從區塊轉換的特徵圖會輸入至編碼器210,此編碼器210例如為聚焦調變網路,包含了多個聚焦調變級211~214,詳細內容可以參照第一論文YANG, Jianwei, et al. Focal modulation networks. Advances in Neural Information Processing Systems, 2022, 35: 4203-4217。在此實施例中,聚焦調變級211包含了2個聚焦調變方塊,聚焦調變級211輸出的特徵圖的大小為 。聚焦調變級212包含了2個聚焦調變方塊,聚焦調變級212輸出的特徵圖的大小為 。聚焦調變級213包含了6個聚焦調變方塊,聚焦調變級213輸出的特徵圖的大小為 。聚焦調變級214輸出的特徵圖的大小為 。編碼器210輸出的特徵圖亦稱為編碼特徵圖。透過聚焦調變,整個網路可以學習到從小視野(field of view)到大視野的視覺特徵。 The feature map converted from the block is input to the encoder 210. The encoder 210 is, for example, a focus modulation network, which includes a plurality of focus modulation stages 211 to 214. For details, please refer to the first paper YANG, Jianwei, et al. Focal modulation networks. Advances in Neural Information Processing Systems, 2022, 35: 4203-4217. In this embodiment, the focus modulation stage 211 includes 2 focus modulation blocks. The size of the feature map output by the focus modulation stage 211 is The focus modulation stage 212 includes two focus modulation blocks. The size of the feature map output by the focus modulation stage 212 is The focus modulation stage 213 includes 6 focus modulation blocks. The size of the feature map output by the focus modulation stage 213 is The size of the feature map output by the focus modulation stage 214 is The feature map output by the encoder 210 is also called a coded feature map. Through focus modulation, the entire network can learn visual features from a small field of view to a large field of view.
接下來,把編碼特徵圖輸入至解碼器220,此解碼器220包含了多個層級(stage),每個層級產生不同解析度的特徵圖。解碼器220例如為像素解碼器,詳細內容可參照第二論文CHENG, Bowen, et al. Masked-attention mask transformer for universal image segmentation. In: Proceedings of the IEEE/CVF conference on computer vision and pattern recognition. 2022. p. 1290-1299,在此並不詳細贅述。

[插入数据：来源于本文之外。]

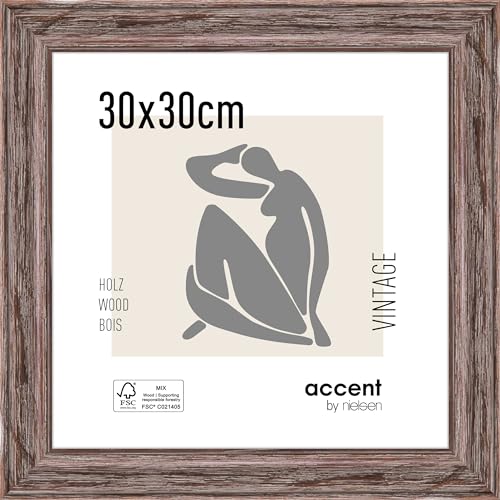 accent by nielsen Holz Bilderrahmen Vintage, 30x30 cm, Braun von accent by nielsen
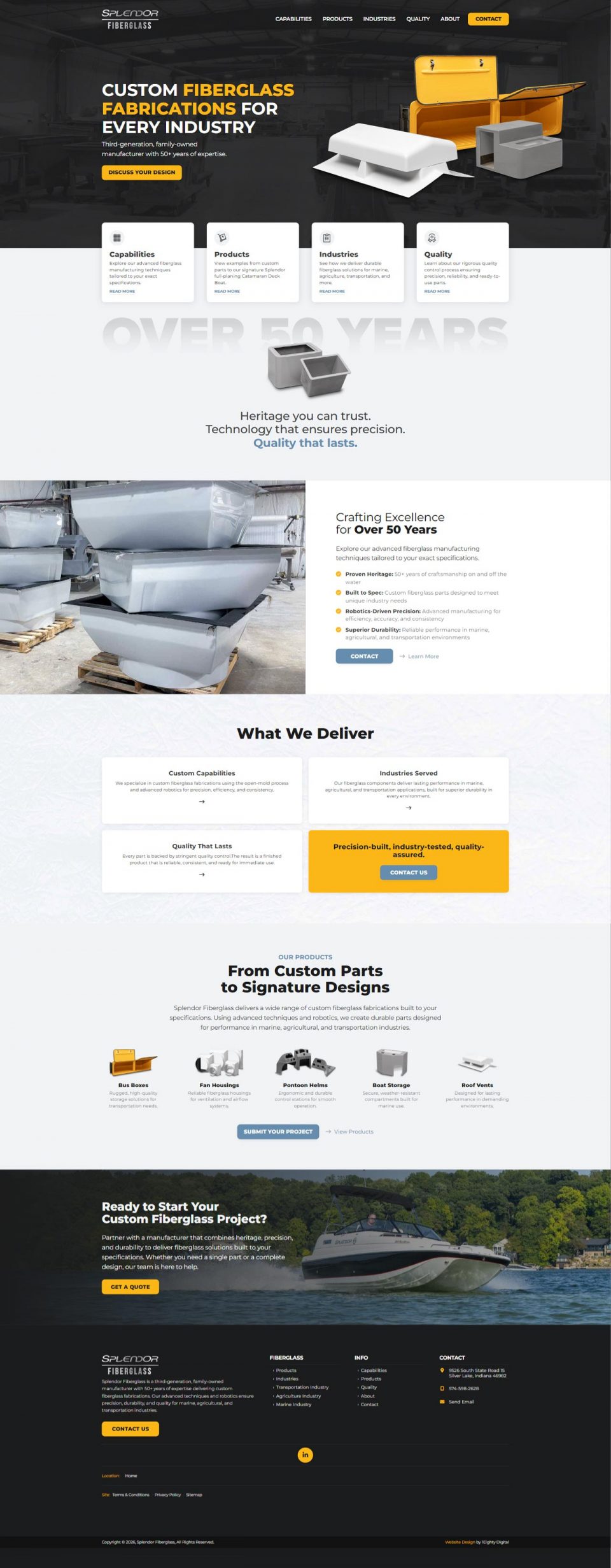 Website homepage for a custom fiberglass fabrication company with product images.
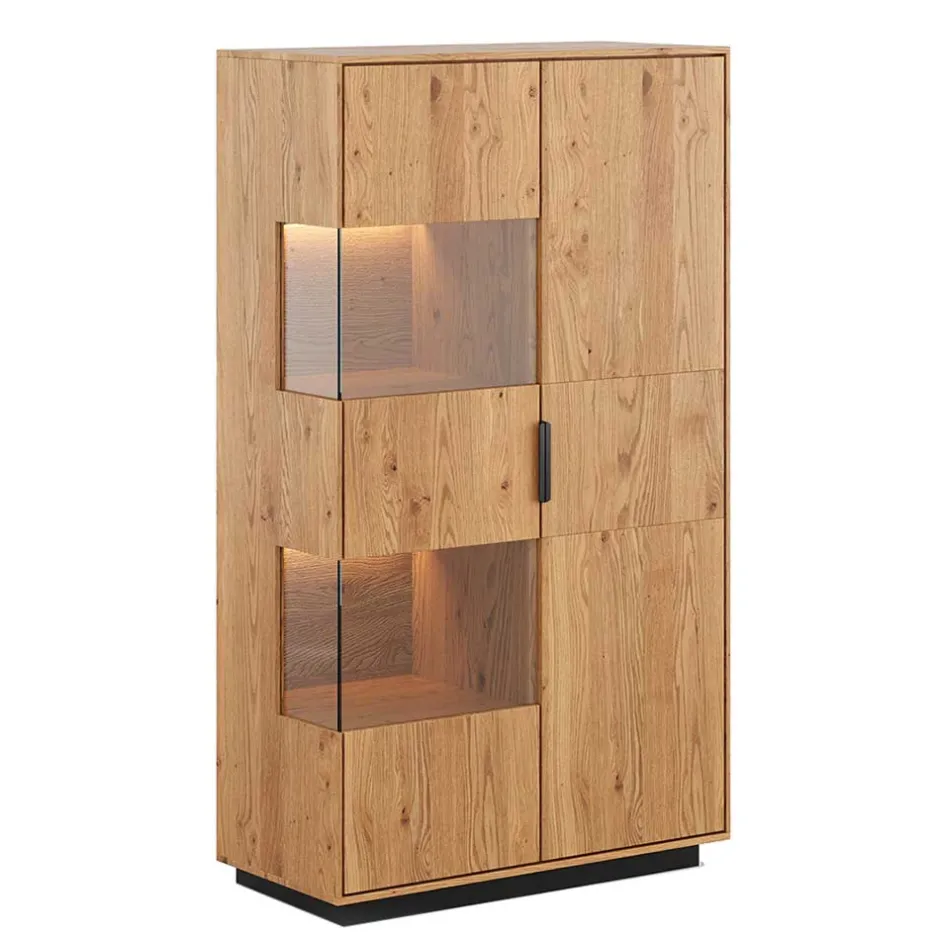 Wohnen Eichenholz Highboard Vitrine modern - Judita
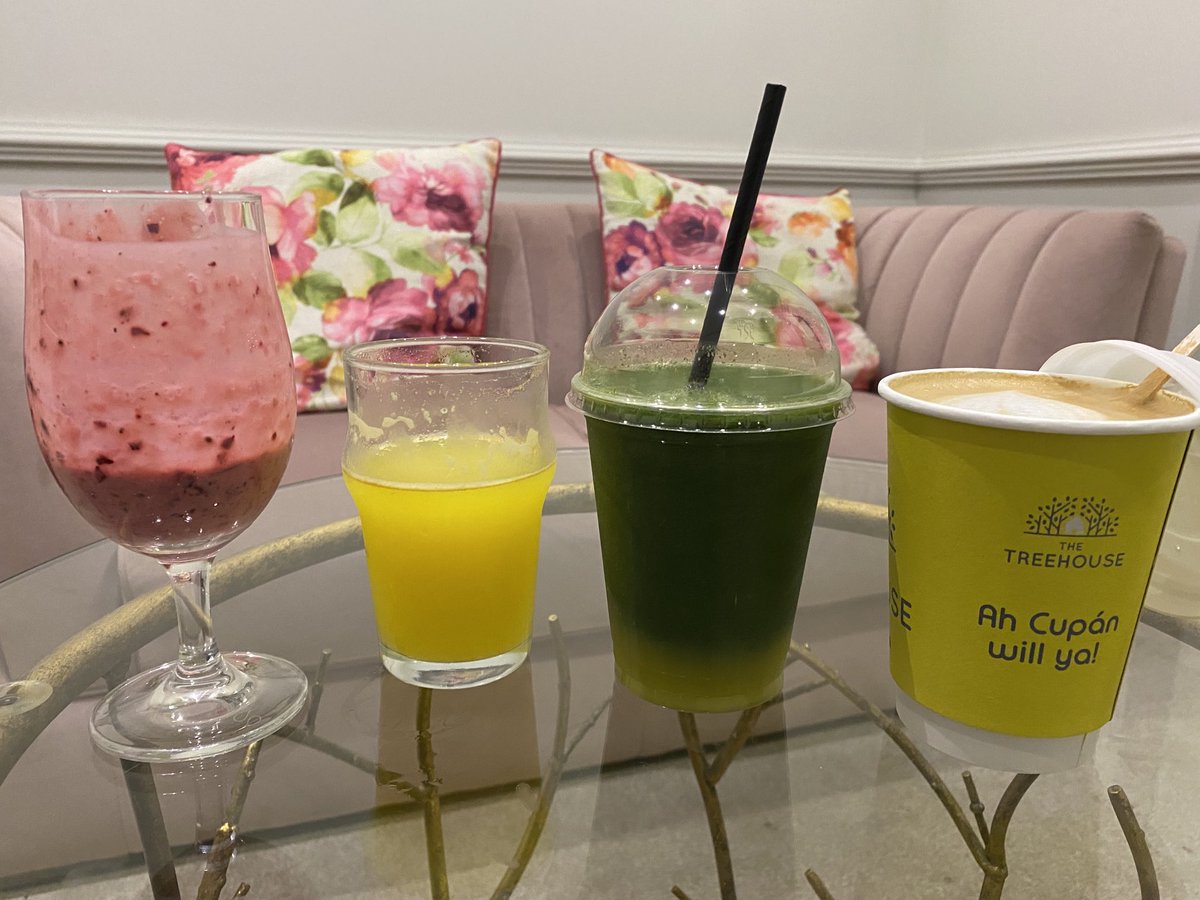 ElainaFitzKane's tweet photo. Breakfast in a glass today. Blackberry smoothie from our own Organic Garden, an energetic Kale & Mango smoothie from #TheTreehouse, #ReviveActive and a delicious #FarmhandCoffee @WoodlandsHouse @GoodFoodIreland @ReviveActive #Woodlands Adare #OrganicDining https://t.co/ZhIBDZ9HqA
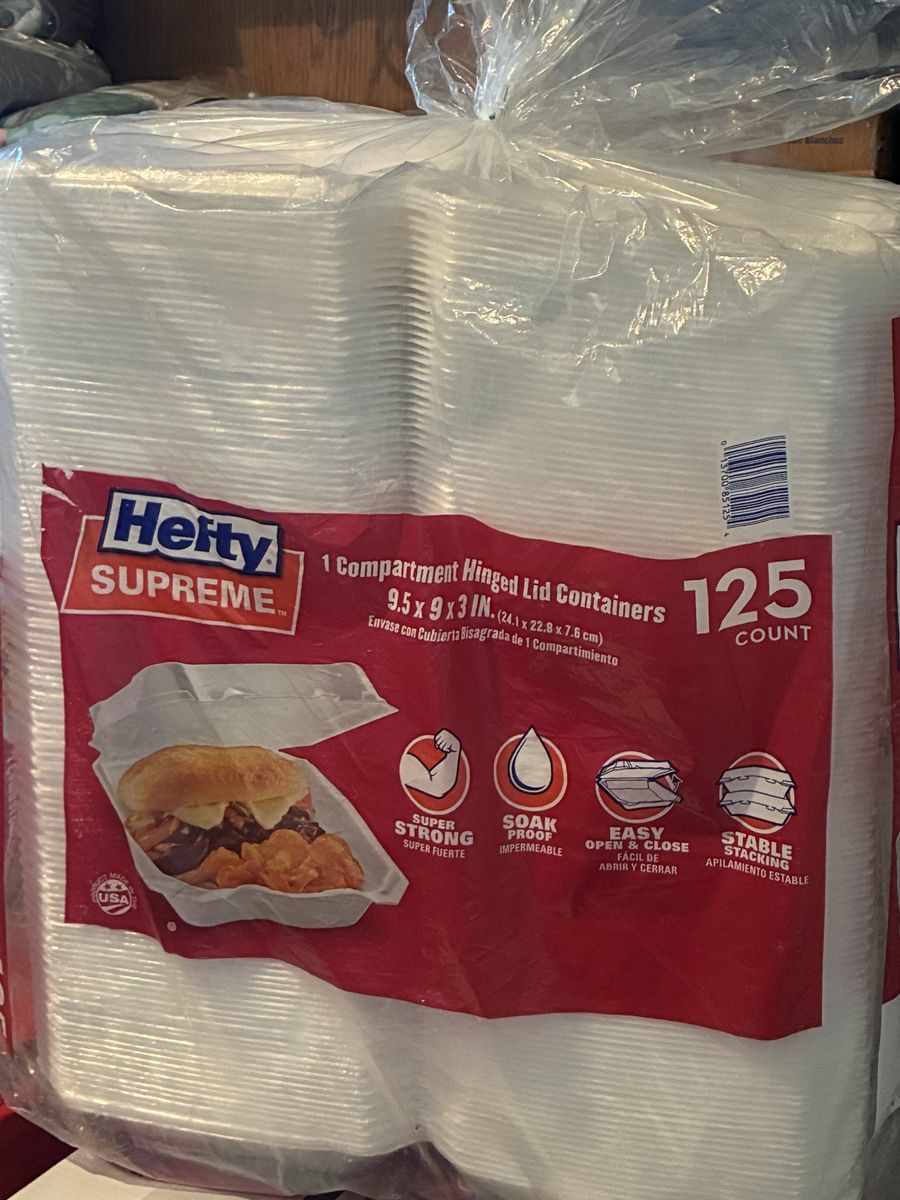 Hefty Supreme 1-Compartment Hinged Lid Containers - 9.5x9x3" - 125 Count, Super Strong & Soak Proof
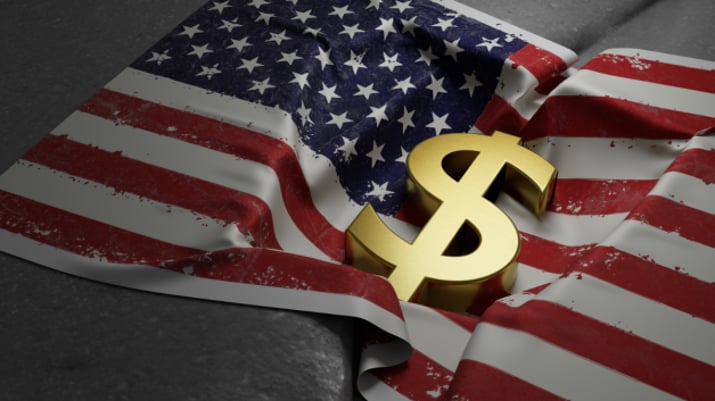 Bandeira dos EUA com cifrão em cima, representando oportunidade de ganhos com bolsa americana, juros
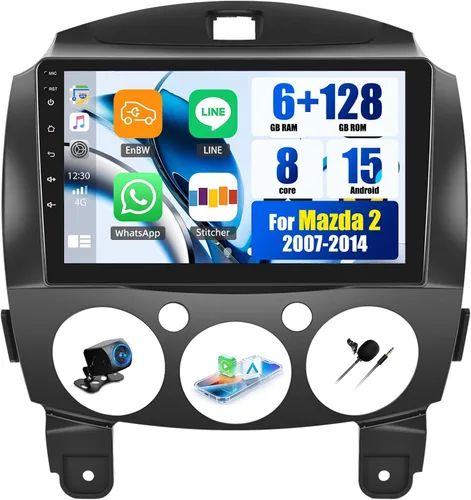 Miniatura 8 de [4G+64G] Radio de coche para Mazda 2 2007-2014 con CarPlay Android Auto, pantalla táctil de 9 pulgadas, Android 15 Mazda 2 estéreo para automóvil
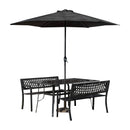 Outdoor 4 Person Rectangular Glass Top Garden Dining Table Benches With Black Havana Parasol and Base Set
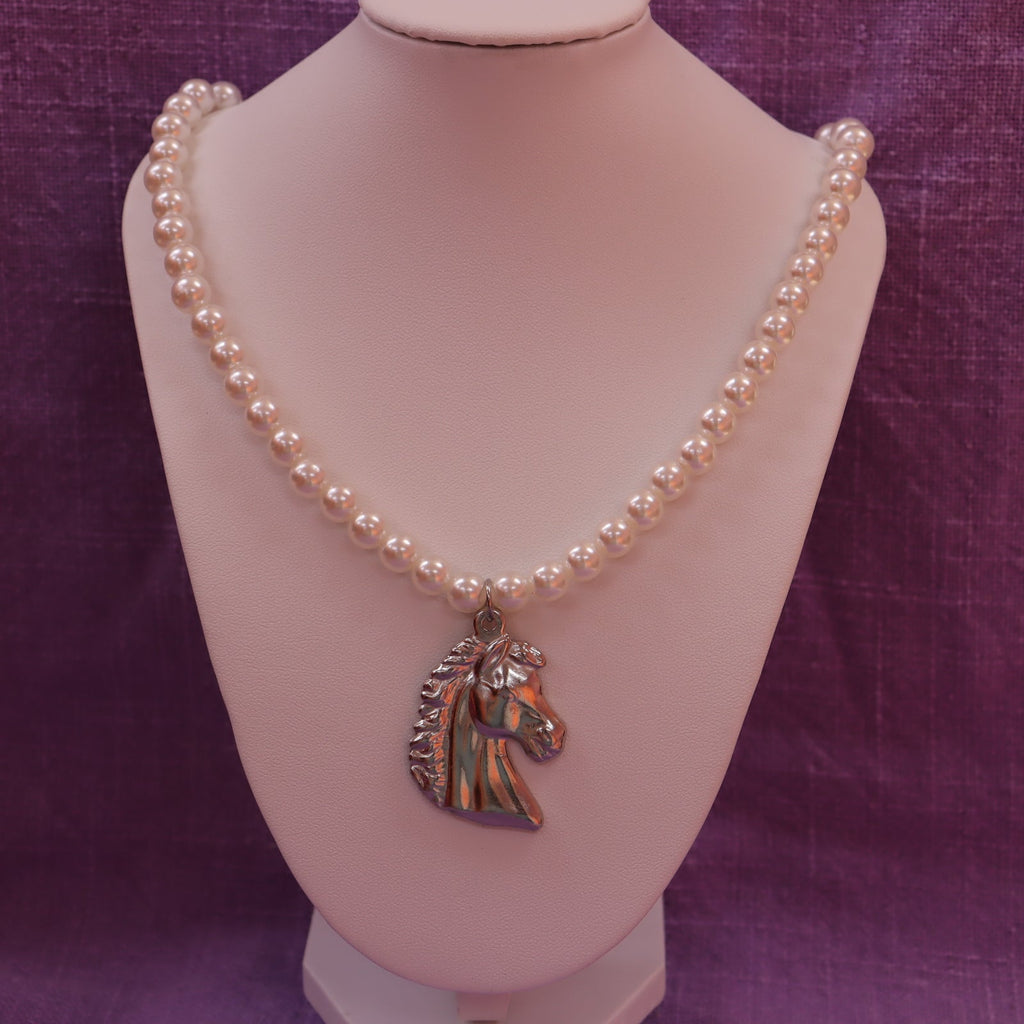 Pearly Horse Charm Necklace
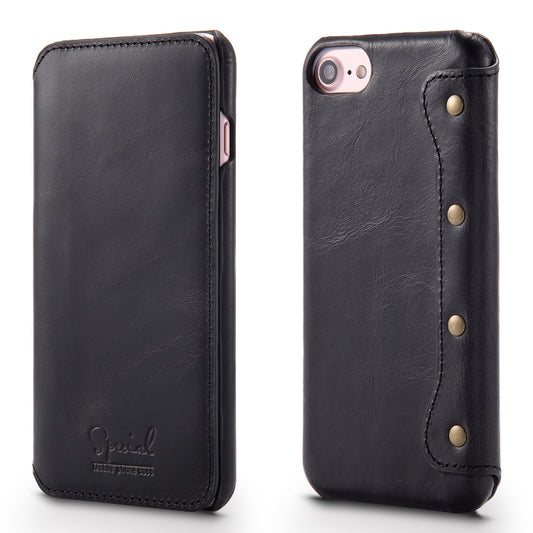 For iPhone 6s / 7 / 8 Denior Oil Wax Cowhide Simple Horizontal Flip Leather Case with Card Slots & Wallet(Black) - More iPhone Cases by Denior | Online Shopping UK | buy2fix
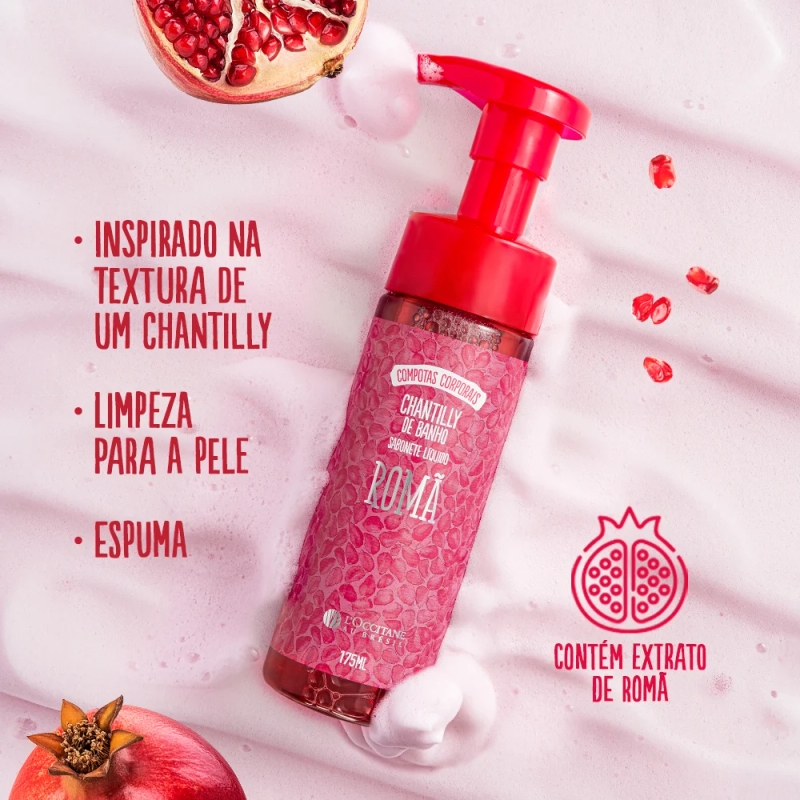Chantilly de Banho Sabonete Líquido Romã 175ml - foto 3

解碼器220所產生的特徵圖稱為解碼特徵圖221,以下亦表示為 ,其中s表示為像素解碼器的層級,最後一個層級的輸出解析度等同於原始解析度的四分之一,即為 。 Next, the encoded feature map is input to the decoder 220, which includes multiple stages, each of which generates a feature map of different resolutions. The decoder 220 is, for example, a pixel decoder. For details, please refer to the second paper CHENG, Bowen, et al. Masked-attention mask transformer for universal image segmentation. In: Proceedings of the IEEE/CVF conference on computer vision and pattern recognition. 2022. p. 1290-1299, which is not described in detail here. The feature map generated by the decoder 220 is called the decoded feature map 221, which is also represented as follows , where s represents the level of pixel decoder, and the output resolution of the last level is equivalent to one quarter of the original resolution, that is, .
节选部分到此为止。